After Harper’s tiebreaking hit, McCutchen chipped in with an RBI double and scored on Odubel Herrera’s single for a 9-5 lead.
The Phillies have two paths to the postseason. In the wild-card race, they are 2½ games behind the Cincinnati Reds, who got rained out. In pursuit of a division title, they were three games behind the Braves, who were playing late at Dodger Stadium.
Vierling goes first
When Vierling made his major-league debut in June, he said he felt comfortable playing all three outfield positions. Since then, he has added the infield to his skill set.
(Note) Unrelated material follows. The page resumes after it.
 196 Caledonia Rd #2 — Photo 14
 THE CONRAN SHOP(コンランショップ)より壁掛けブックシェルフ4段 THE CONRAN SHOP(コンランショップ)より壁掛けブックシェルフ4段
Vierling made six starts at first base and eight at third for triple-A Lehigh Valley, all within the last two months. And it wasn’t until a few hours before the game that he found out he would be playing first — with Hoskins’ mitt, no less — against the Nationals.
“There were some nerves,” Vierling said. “Of course the first ball is skied to me at first base. It always finds you. There were definitely some nerves. But after that first one, it kind of started to go away and just play the game as usual.”
Harper picked up three hits, including a bunt single that preceded McCutchen’s fourth-inning homer. To that point, the Phillies had only two hits against Corbin and were trailing 3-0.
“I think it was a really good idea because you’ve got to get something going, right?” Girardi said. “We hadn’t had much going off of Corbin, and then Cutch hits a two-run homer and all of a sudden you feel like you’re in the game.”
Harper went 33-for-98 (.337) with 10 homers and 25 RBIs in 28 games in August. He has 14 hits in his last seven games and is batting .306 with a 1.014 OPS overall.
With one game left in the season series, the Phillies have won seven in a row over the Nationals, their longest streak since they won nine straight in 2009.
All seven victories have come on the road, too. The Phillies swept the Nationals in a four-game series in the nation’s capital from Aug. 1-4, outscoring them by 28-20. They have won the last two games by a 19-9 margin.
That’s a relief
Matt Moore lasted only 3⅓ innings and dropped the Phillies into an early hole by giving up five runs on five extra-base hits and five walks. He figures to remain the No. 5 starter with Zach Eflin (knee, COVID-19) likely out for the rest of the season.
But four relievers — Bailey Falter, Sam Coonrod, José Alvarado, and Héctor Neris — blanked the Nationals over the next 4⅔ scoreless innings. Enyel De Los Santos gave up a run in the ninth inning.
Lowering the ‘boom
Carter Kieboom staked the Nationals to a 5-2 lead with a two-run homer in the fourth inning. The young third baseman is quickly becoming a Phillies nemesis. He’s 11-for-29 (.379) with four home runs against them and 16-for-84 (.190) with two homers against everyone else this season.
If the Nationals’ rebuilding project goes according to plan, the Phillies will see a lot more of Kieboom over the next few years.